Monday, May 15, 2006


"Some painters transform the sun into a yellow spot, others transform a yellow spot into the sun."

-- Pablo Picasso


The Nels Cline Singers - Lowered Boom

Don't know about you but my imagination isn't that good. There's no way I can conceive what Hendrix would have sounded and looked like to the acid-addled audiences of the 1960s, going from Herman's Hermits to the distorted guitar crunch of Blue Cheer and Jimi Hendrix in a few short years. Fast forwarding twenty years we get bands like Sonic Youth and The Jesus and Mary Chain. Noisy, challenging, esoteric. This brings up the age old question of the cerebral vs. the commerical. Hendrix had it right, while others proceding him have been hit and miss, many missing more often than hitting. Dream Theater is a technically talented prog rock band whose songcraftmanship amounts to about nill. Pretentious, bloated, humorless. While alternative jazz guitarist and new Wilco member, Nels Cline, seems to know how to walk the line. Judging from his early forays into free jazz, Nels wasn't the likeliest of fits for Jeff Tweedy's forward-looking, yet comparably tame, Chicago outfit. It will be interesting to hear how much creative control he is allowed and if Nels can help prop up modern indie rock's most appealing voice.

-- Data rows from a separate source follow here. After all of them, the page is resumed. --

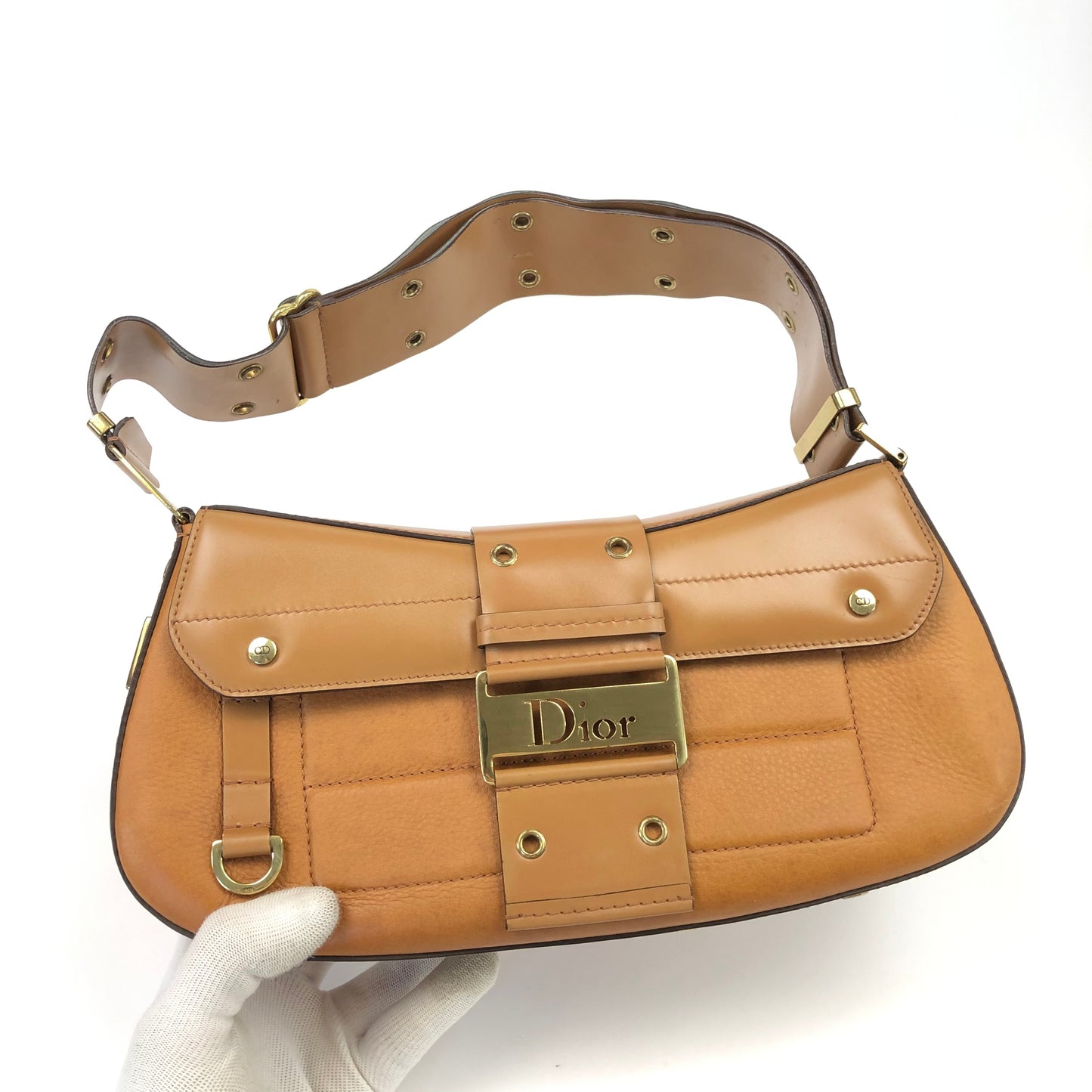 CHRISTIAN DIOR 2002 STREET CHIC COLUMBUS SHOULDER BAG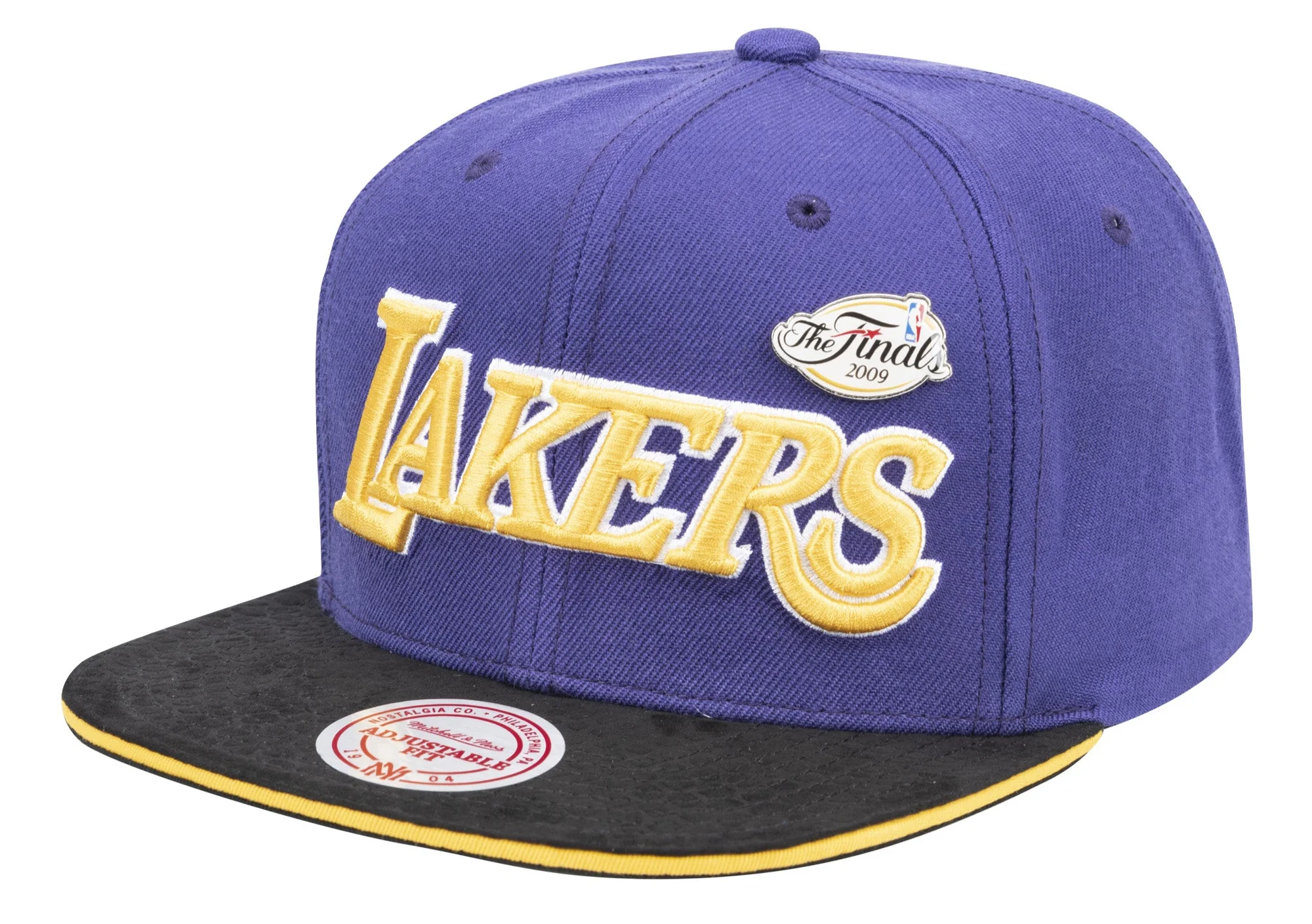 Los Angeles Lakers Mitchell & Ness NBA 2009 NBA Finals LA Pinned Snapback Hat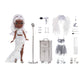 Rainbow Vision Rainbow High Rainbow Divas- Ayesha Sterling (Silver) Fashion Doll. 2 Designer Outfits to Mix & Match w/ Vanity Playset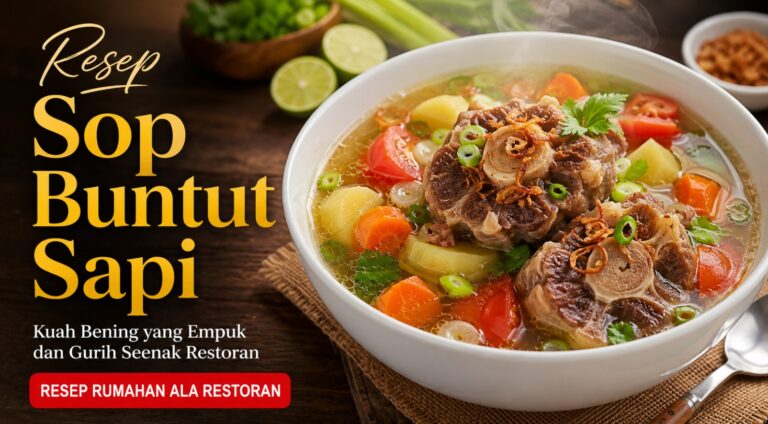 Resep Sop Buntut Sapi Kuah Bening yang Empuk dan Gurih Seenak Restoran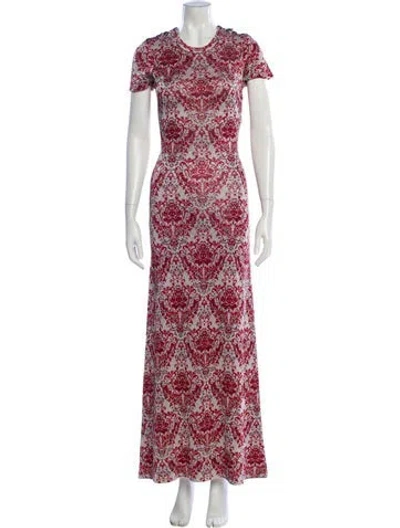Pre-owned Rabanne Floral Print Long Dress In Multi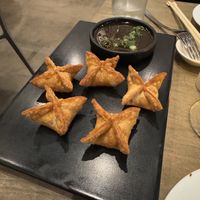 Special - jackfruit ‘crab’ & cream cheese wontons  at Beyond Sushi in New York City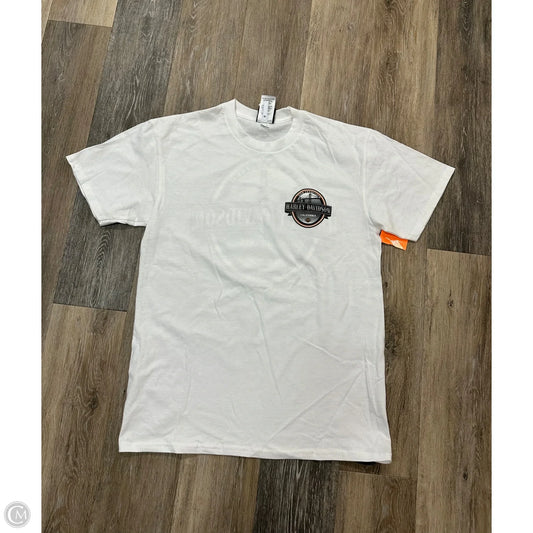 Top Short Sleeve By Harley Davidson In White, Size: M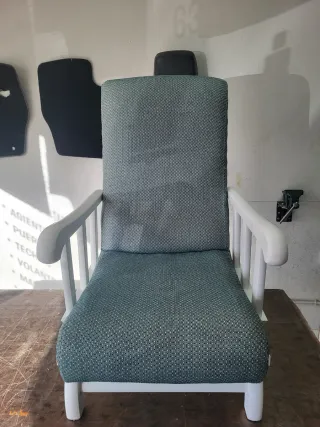 Tumbona Valancin tela y madera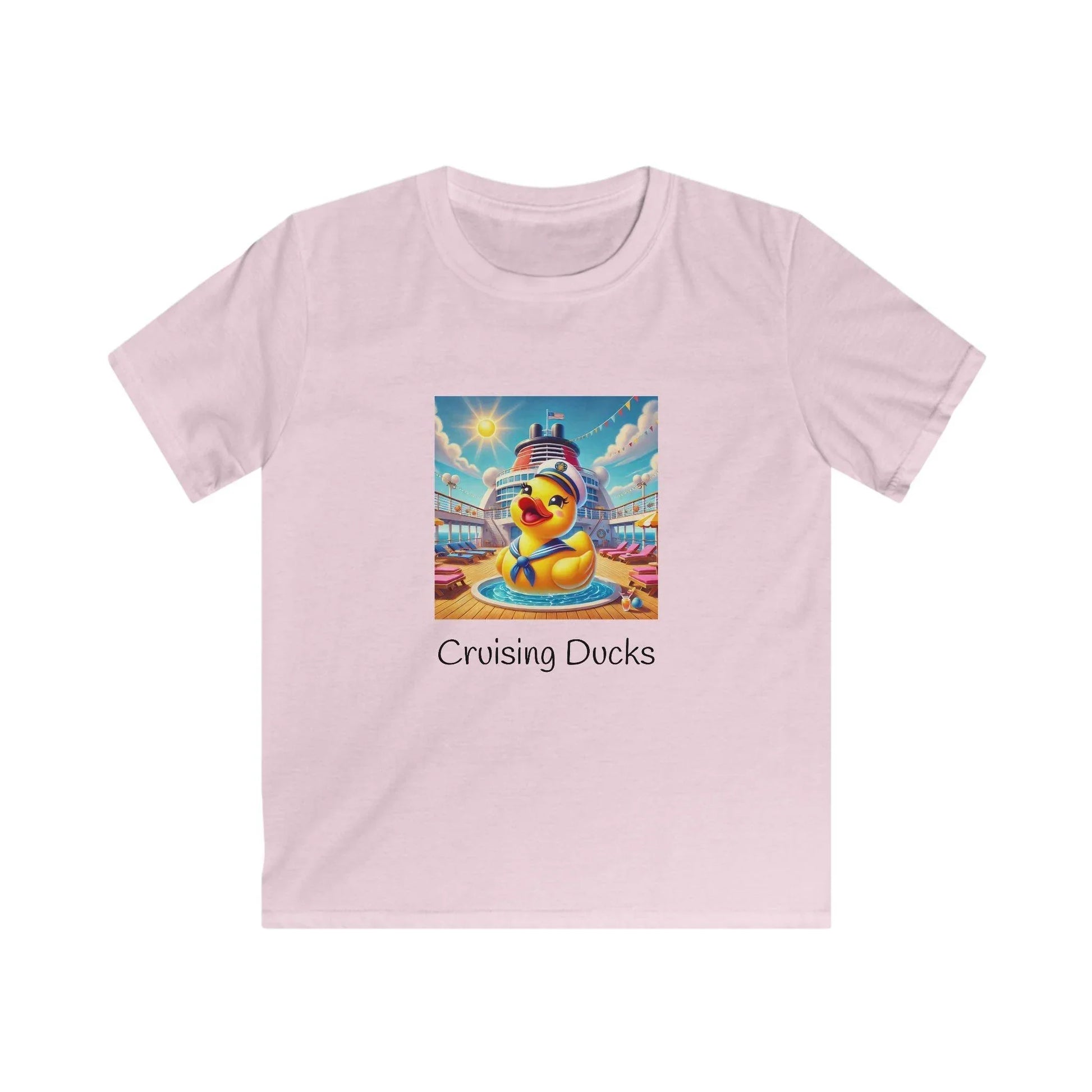 Duck on the Loose! Hilarious Cruise Ship Hide-and-Seek 🛳️ Kid's Tee 🐤 - Whippie's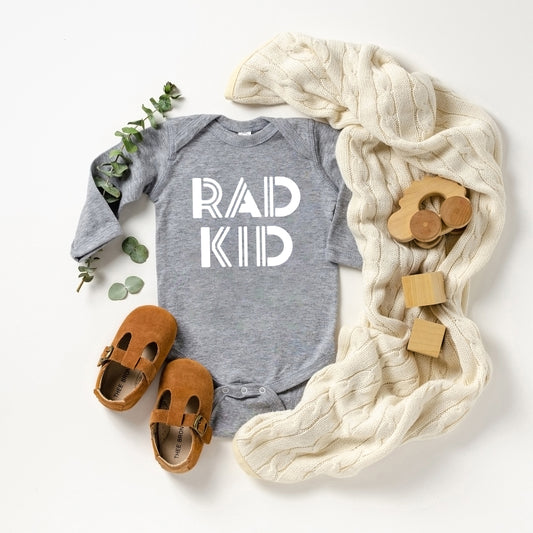 Rad Kid | Baby Long Sleeve Onesie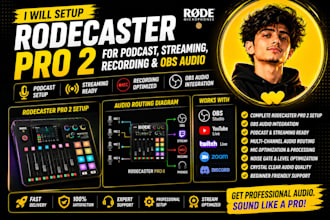 setup rodecaster pro 2 for podcast, streaming, recording and obs audio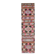 Vintage Turkish Oushak Handmade Wool Cotton Pink Kilim Runner  81x327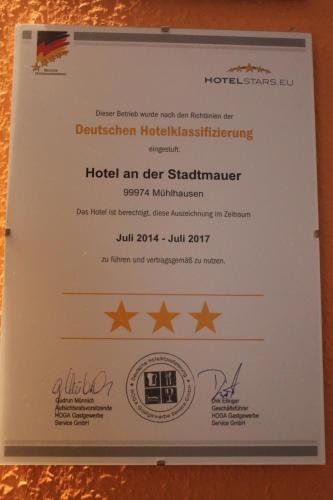 Фото Hotel An Der Stadtmauer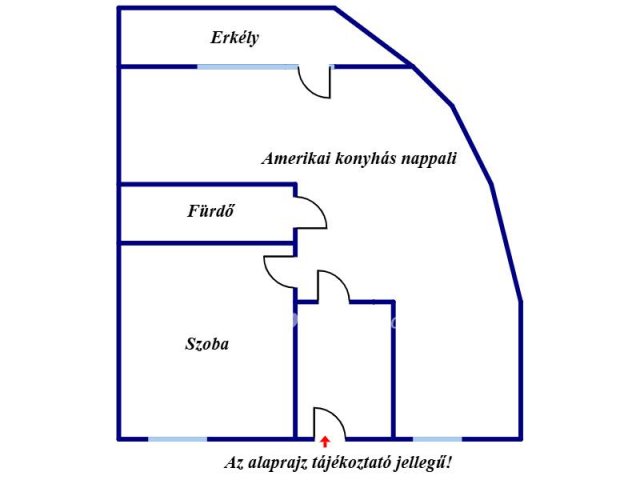 Eladó téglalakás, Békéscsabán 49.8 M Ft, 2 szobás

Nels Cline is rooted in John Coltrane's school of interpretation. Both reimagine a conventional piece of music by scrambling it into something thrilling, making the old new. See: My Favorite Things. Nels even gave a nod to the long shadow Trane casts over all experimental jazz musicians, by covering the Saint's album Interstellar Space - that's right Nels covered an entire Coltrane album. Fifty-nine minutes and seven seconds of guitar and percussion with nary another instrument in sight, this is not for the musically timid. Take a listen none the less, it's quite the sonic journey.

John McLaughlin, Miles Davis' jammate during his fusion years, is Cline's final major touchstone with the past. Exhibiting much of McLaughlin's shrill tone and jaunty riffing, Nels blends that with pop sensibilities as is evident with his work in Deerhoof. For a better understanding of McLaughlin's sound, which is actually quite important in order to understand eleventy-seven percent of what's going on in music today, go buy - or steal - A Tribute to Jack Johnson (the boxer, not the effete singer/songwriter of the same name) and On the Corner both by Miles Davis.